▶ **What you need to do**: Repeat nothing but the line that contains "Miniatura 5 de" and the lines after it, through the end of the listing, exactly as they stand; omit pictures.

═════ Supplied data ═════

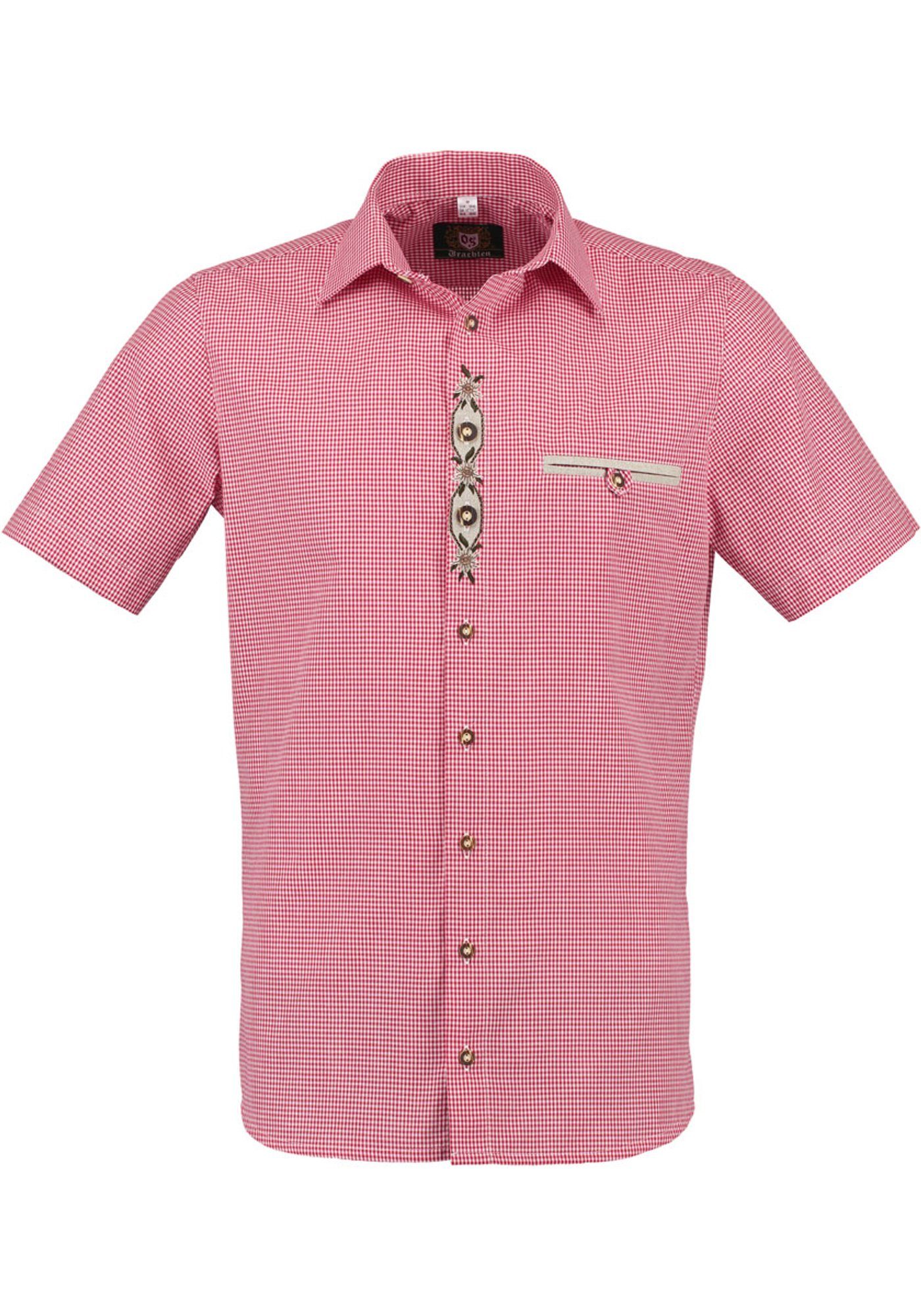 Trachtenhemd auf hochrot mit OS-Trachten Paspeltasche, Weonys der Knopfleiste Kurzarmhemd Edelweiß-Stickerei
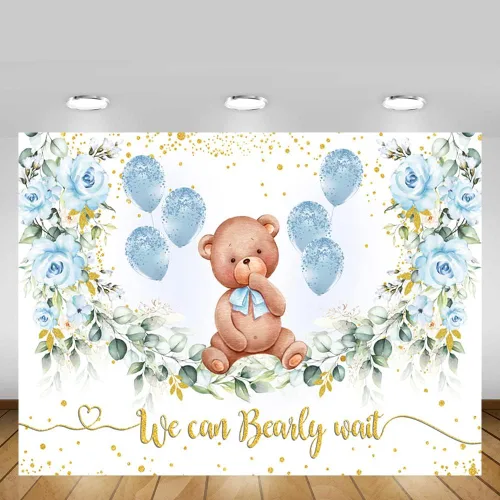 Miniatura 5 de MEHOFOND Telón de fondo de fiesta de baby shower de oso de 10 x 7 pies, fondo azul floral para fotografía, puntos dorados con purpurina dorada, Rosa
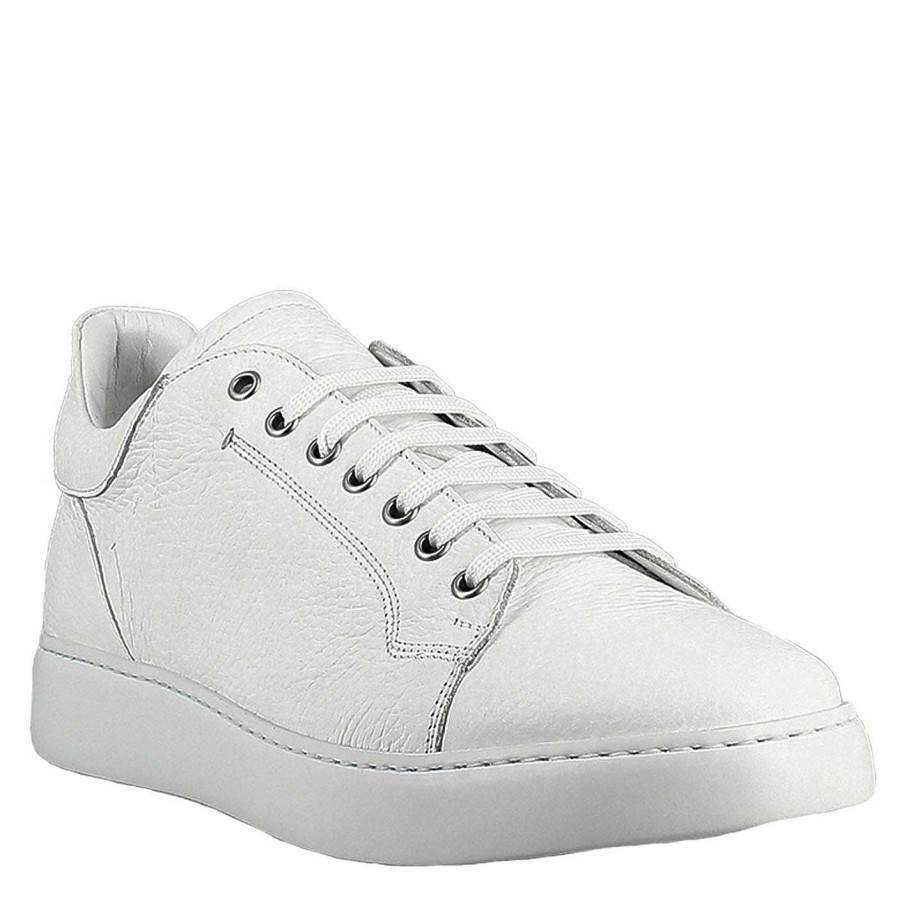 Leonardo Turnschuhe | Eleganter Weiser Herren-Sneaker Aus Glattleder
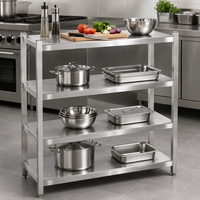 Étagère de rangement autoportante en acier inoxydable 304 201 personnalisable, 4 niveaux, pour cuisine de restauration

═════

▶ **Solution for this exercise**:
 Miniatura 5 de MEHOFOND Telón de fondo de fiesta de baby shower de oso de 10 x 7 pies, fondo azul floral para fotografía, puntos dorados con purpurina dorada, Rosa
 Leonardo Turnschuhe | Eleganter Weiser Herren-Sneaker Aus Glattleder
 Étagère de rangement autoportante en acier inoxydable 304 201 personnalisable, 4 niveaux, pour cuisine de restauration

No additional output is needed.